Was? Die gibts überall! Hab die bisher in jedem Land gesehen. 

Da die Wahrscheinlichkeit, daneben zu liegen, recht hoch ist, hab ich drei Tipps:

a) irgendein dämliches Puzzle
b) ein nutzloser Kreisel
c) irgendein Plastikschrott

keinesfalls eine Figur!


----------



## Petersburg (15. Februar 2011)

Uff, was lief nochmal in der Werbung? Irgendwas mit Schnee...


----------



## Arosk (15. Februar 2011)

Ich tippe auf ne Figur die man nicht zusammenbauen muß :>


----------



## Soramac (15. Februar 2011)

Ceiwyn schrieb:


> Was? Die gibts überall! Hab die bisher in jedem Land gesehen.




Ausserhalb Europe sogar?

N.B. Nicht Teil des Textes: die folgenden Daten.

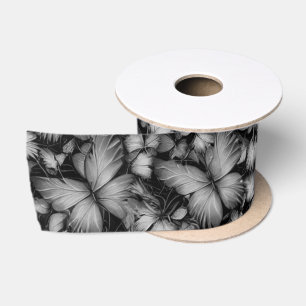 Ruban En Satin Papillons gris Imprimer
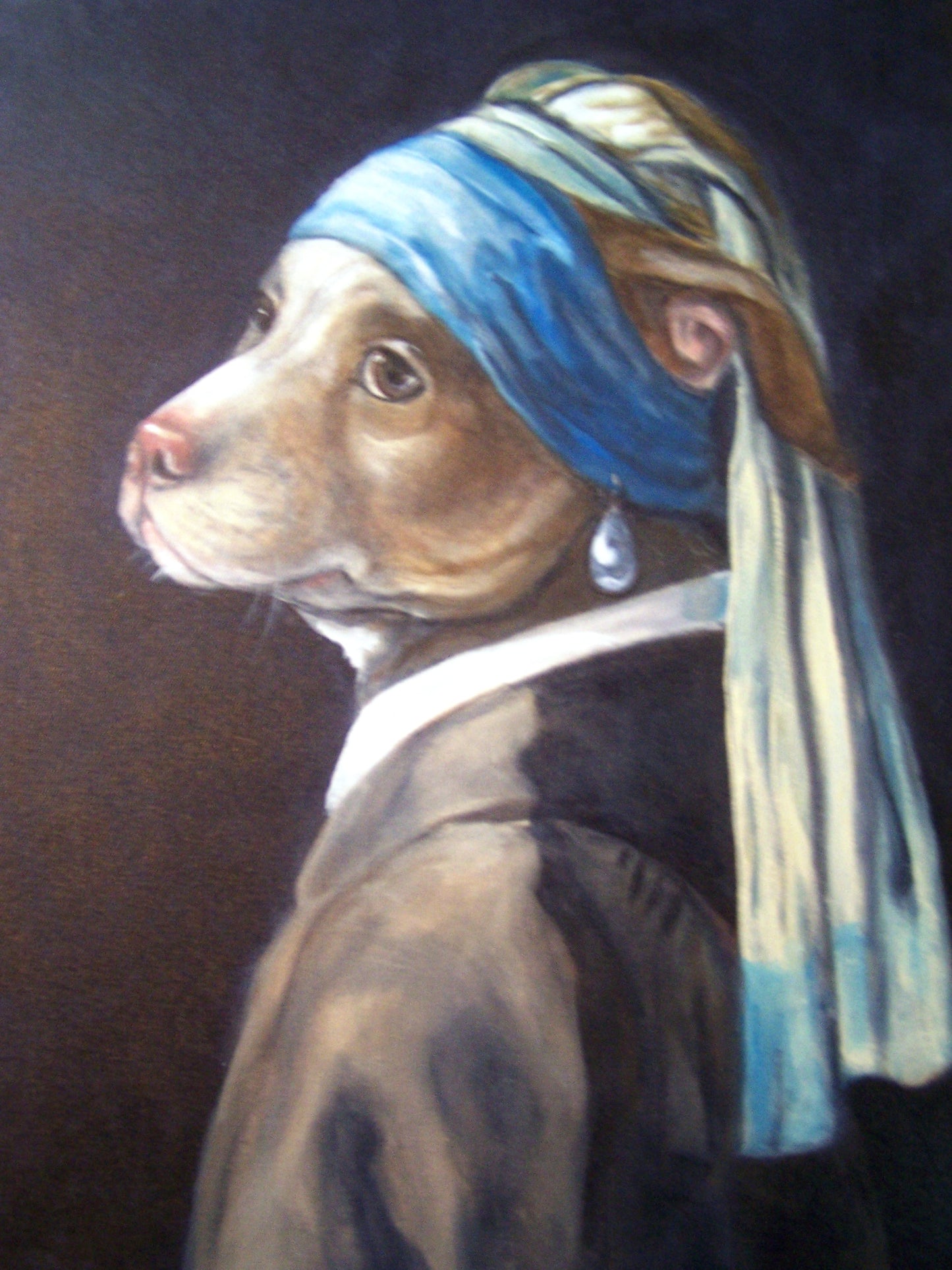 Fanciful Pet Portrait, hand painted acrylic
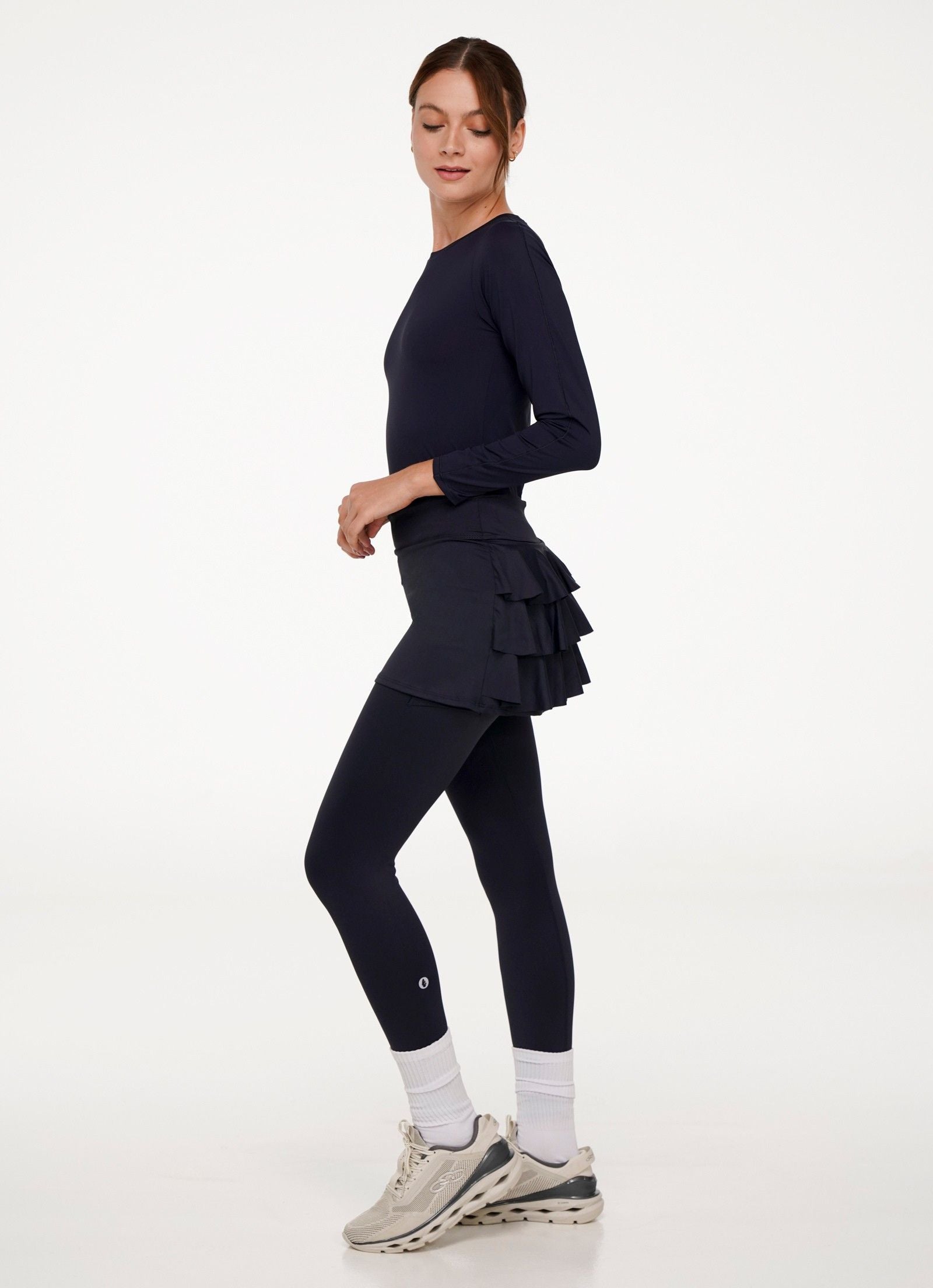 Shakira Skirted Legging (Black) - Pickleball Skirts & Tennis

Also habe es hier in Florida es noch nicht gesehen o:


----------



## iShock (15. Februar 2011)

ein flugzeug oder ein zusammenbastelbarer hund (hatte ich das letzte mal, hehe)


----------



## BlizzLord (15. Februar 2011)

Öhh ein dummes "bastel mich zusammen damit ich auseinander fallen kann" Figürchen.

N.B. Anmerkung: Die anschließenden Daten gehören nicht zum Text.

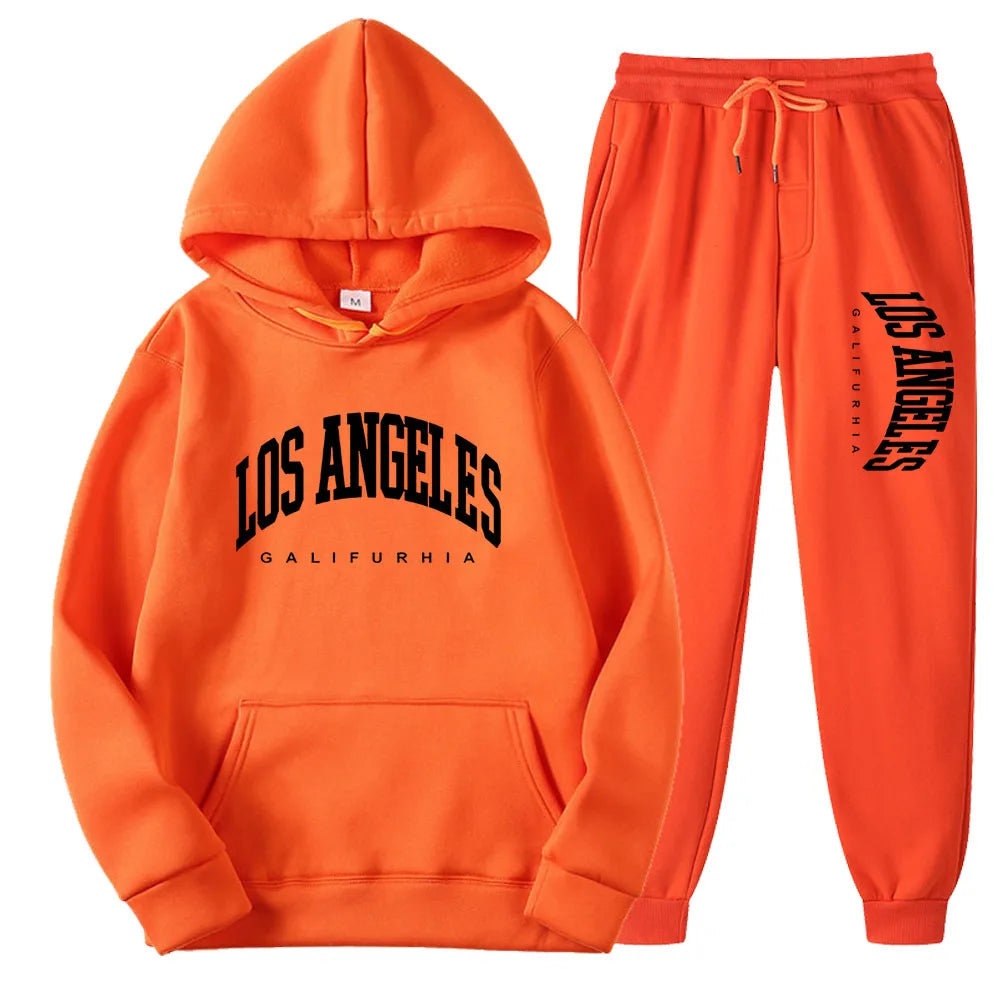 Two-Piece LOS ANGELES Unisex Hoodie & Pants Set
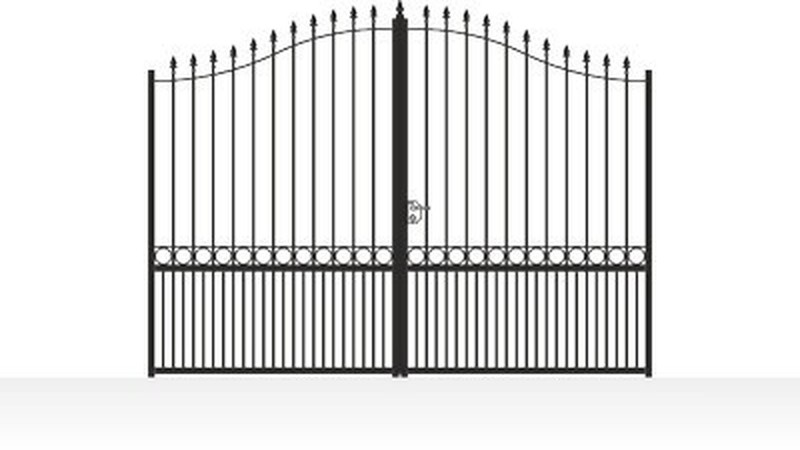 Portail acier ajouré droit barreaux fer forgé - vue technique configurateur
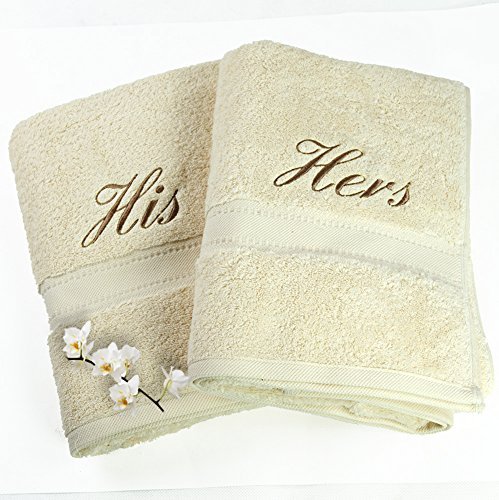 TowelsRus His & Hers Bath Towel Set in Vanilla Cream 100% Egyptian Cotton 70cm x 130cm by Towelsrus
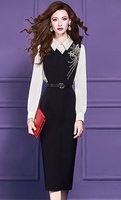 Robe longue ajustée de maternité FMY69294, style vintage, col rabattu, taille empire, design original de l'usine, collection Printemps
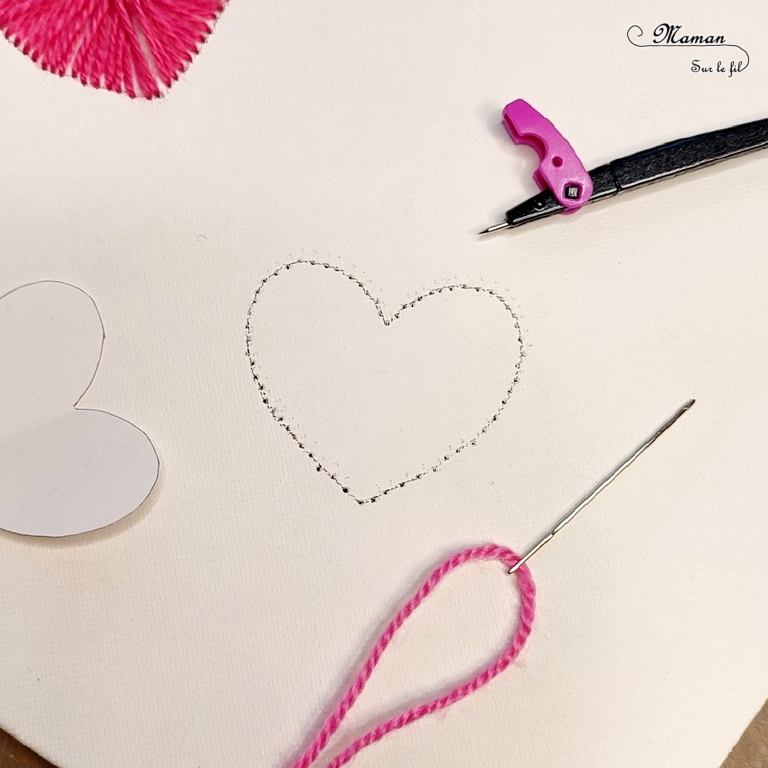 Activité créative et manuelle enfants -Coeurs brodés en laine - Broderie tissage - technique en 3D, en volume, en relief - tutoriel - Broderie sur toile pour cadeau de fin d'année, de fête des mères, grands-mères ... - Motricité fine - couleurs roses pour Saint-valentin - Thème Saint valentin, amour, amitié - Arts visuels élémentaire - Créativité - Cycle 2 - mslf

> Ausserhalb Europe sogar? Also habe es hier in Florida es noch nicht gesehen o:


Vlt. findet man die da unter "fucking expensive chocolate eggs"


----------



## Dracun (15. Februar 2011)

Bestimmt so ein Handstempel, den man als Ring tragen kann, der Hallo stempelt in irgendeiner Sprache 
Uppss ein wenig über der Zeit sry


----------



## Tikume (15. Februar 2011)

Es war drin:

Ein 3-Äugiges Blaues Gummi-Alien namens Uno28. Laut Anleitung soll es ganz aktiv und hüpfend sein. Wie das gehn soll habe ich nicht rausgefunden.


----------



## Dracun (15. Februar 2011)

Wunder dich nicht wir haben auch 2 dieser Teile und die hüpfen garnet wie es uff der Packung steht


----------



## ego1899 (16. Februar 2011)

ui...

hab den post jetzt das zweite ma gelesen... du hast das sogar ernst gemeint oder?

also du meintest nich
"wir (männer) haben auch 2 dieser teile und..."

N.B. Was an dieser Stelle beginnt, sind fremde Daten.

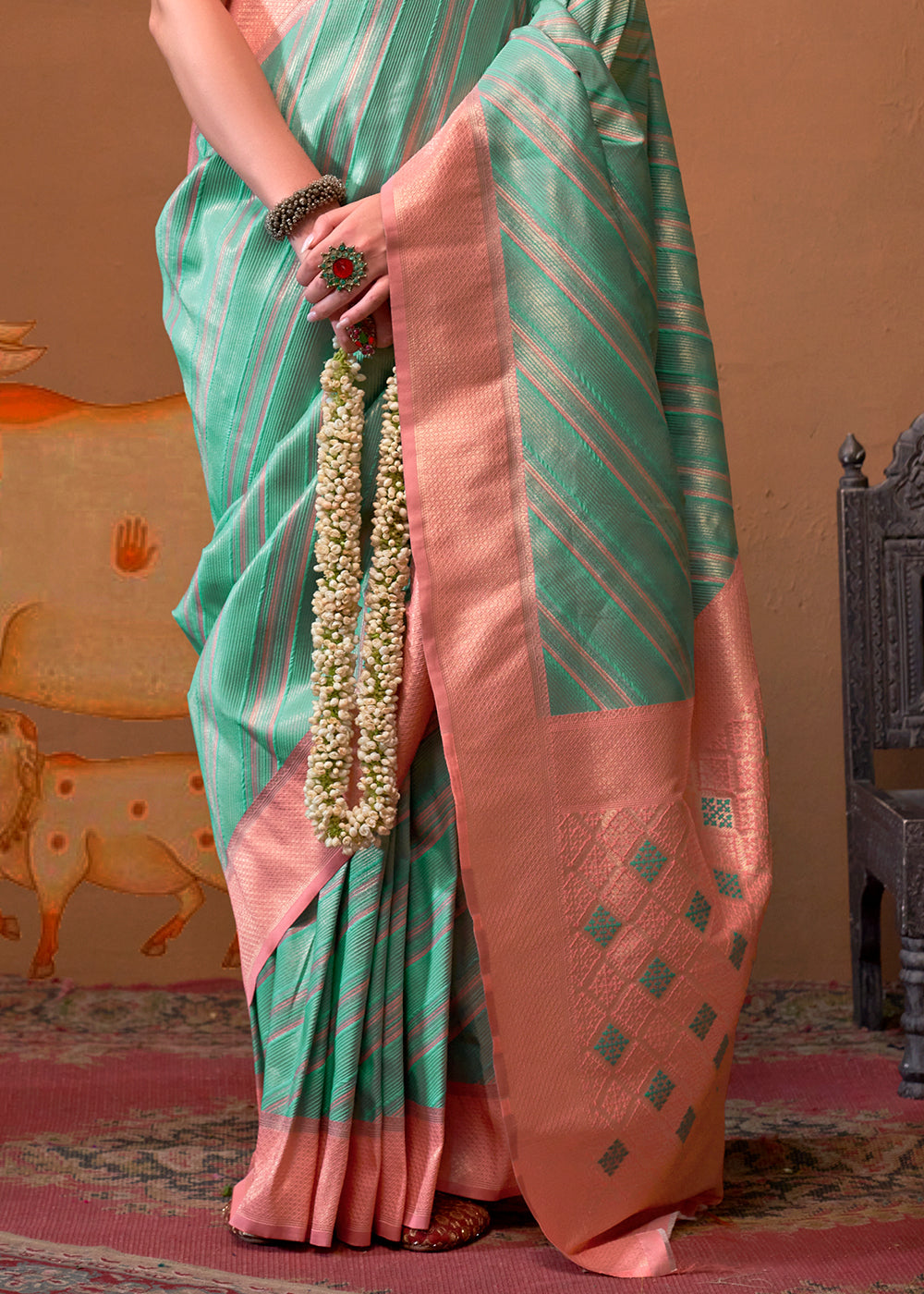 Blue & Pink Handloom Zari Woven Silk Saree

oh man ich muss aufhören in allem immer nach der doppeldeutigkeit zu suchen und mich daran gewöhnen das es durchaus noch normale menschen gibt xD


----------



## Ellesmere (16. Februar 2011)

Soramac schrieb:


> Ausserhalb Europe sogar? Also habe es hier in Florida es noch nicht gesehen o:



Kurz zur Erklärung:

Warum es in den USA keine Ü- Eier gibt


----------



## Dracun (16. Februar 2011)

Nein wie geil .. meine Frau und ich haben uns jetzt erst mal tierisch weg geschmissen.
Die Amis, ne ne ne ein Haufen voller geistig umnachteter Idioten. Jeder darf ne Knarre haben, teilweise sogar schon mit 12, aber en Ü-Ei ist gefährlich ..  Ja ne is klar


----------



## Wolfmania (16. Februar 2011)

naja wenig verwunderlich bei den Amis, Porsche muß ja auch in die Anleitung reinschreiben, daß schnelles fahren töten kann...und letzte Woche hat doch eine Frau Fererro wegen Nutella verklagt --> ntv-link


----------



## Dracun (16. Februar 2011)

ja das habe ich auch mitgekriegt (Nutella) ... frag mich echt wie man echt auf die Idee kommen kann, das Zucker in Reinform gesund sein kann 
Aber es ist verdammt legga


----------